La Chine a déjà fait des progrès considérables en réorganisant les chaînes d’approvisionnement mondiales. Elle est consciente des faiblesses de sa base économique nationale et semble déterminée à les corriger. Xi Jinping a renforcé l’emprise du PCC sur la vie des citoyens et vise la diaspora chinoise comme moyen d’accroître son influence à l’échelle internationale. Étant donné la diminution des contacts entre les citoyens chinois et les chercheurs étrangers, il est de plus en plus difficile de saisir les subtilités de la politique chinoise.

L’influence croissante de la Chine est un casse-tête délicat pour la communauté internationale, qui doit faire bon accueil à une puissance transformée sans consentir à la destruction de l’infrastructure diplomatique mondiale. La diplomatie très active de la Chine et son insistance sur le commerce asymétrique sont particulièrement difficiles à accepter pour des pays comme le Canada, qui cherchent à entretenir des relations commerciales mutuellement avantageuses.

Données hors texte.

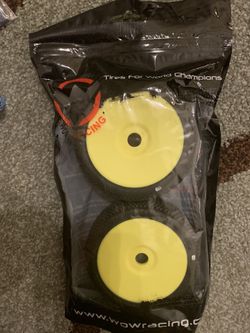 Redcat 0803-5 Wow Racing Tires, Pre mount (2) - Yellow (Hard Compound)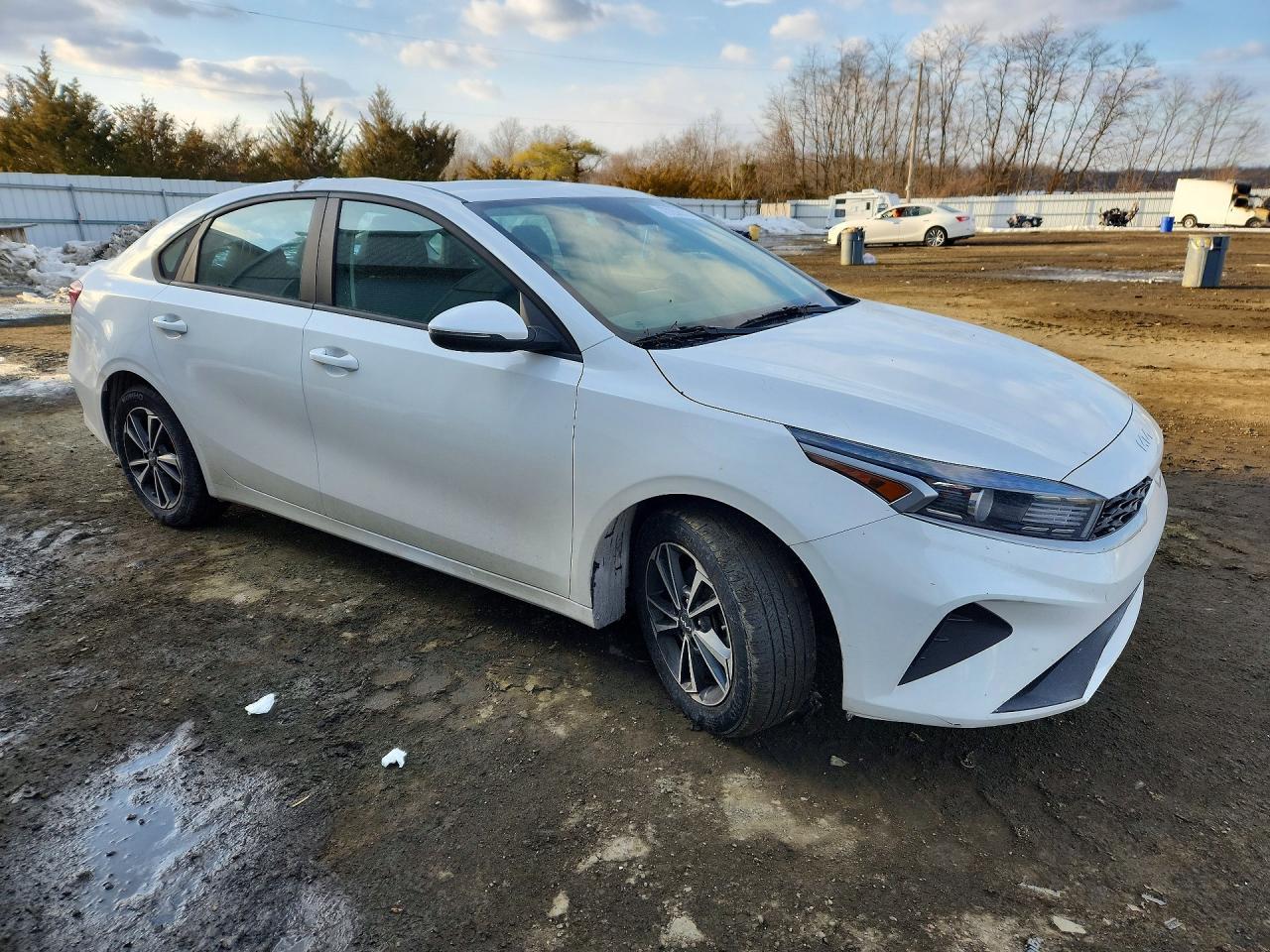 2023 Kia Forte Lxs - Image 4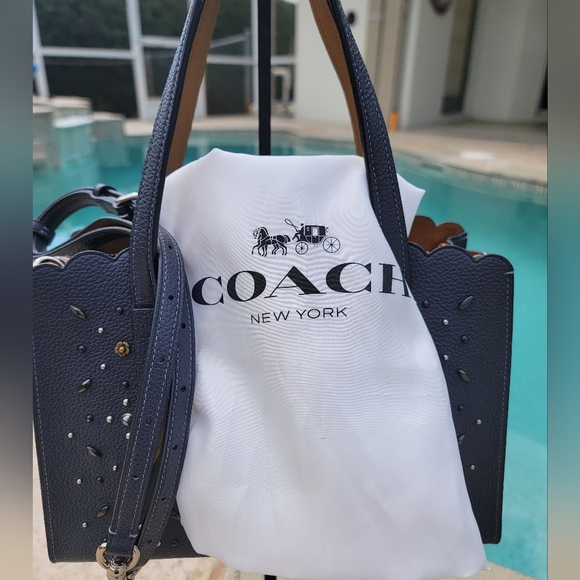 GUC Coach Charlie Carry All 28 In Midnight With Prarie Rivets(Interior Flaw) - Picture 4 of 16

Beijing a encore des obstacles considérables à surmonter. Maintenant qu’il a fait abolir la limite de deux mandats à la présidence, Xi Jinping guidera la Chine pour l’avenir prévisible. Un régime autoritaire facilite la prise de mesures décisives, mais peut se traduire par une diminution de la sensibilité aux critiques, une vulnérabilité à la corruption et une circulation restreinte des informations essentielles à la prise de décisions éclairées. L’entremêlement des entreprises économiques privées et publiques a entraîné une baisse d’efficacité et une corruption qui persistent. L’essor continu de la Chine est une des nombreuses variables qui définissent le nouveau système mondial, mais il n’est pas inévitable. La communauté internationale peut encore décider d’agir pour limiter et satisfaire ses ambitions. Pour le moment, toutefois, la stratégie de domination de la Chine semble implacable et irrésistible.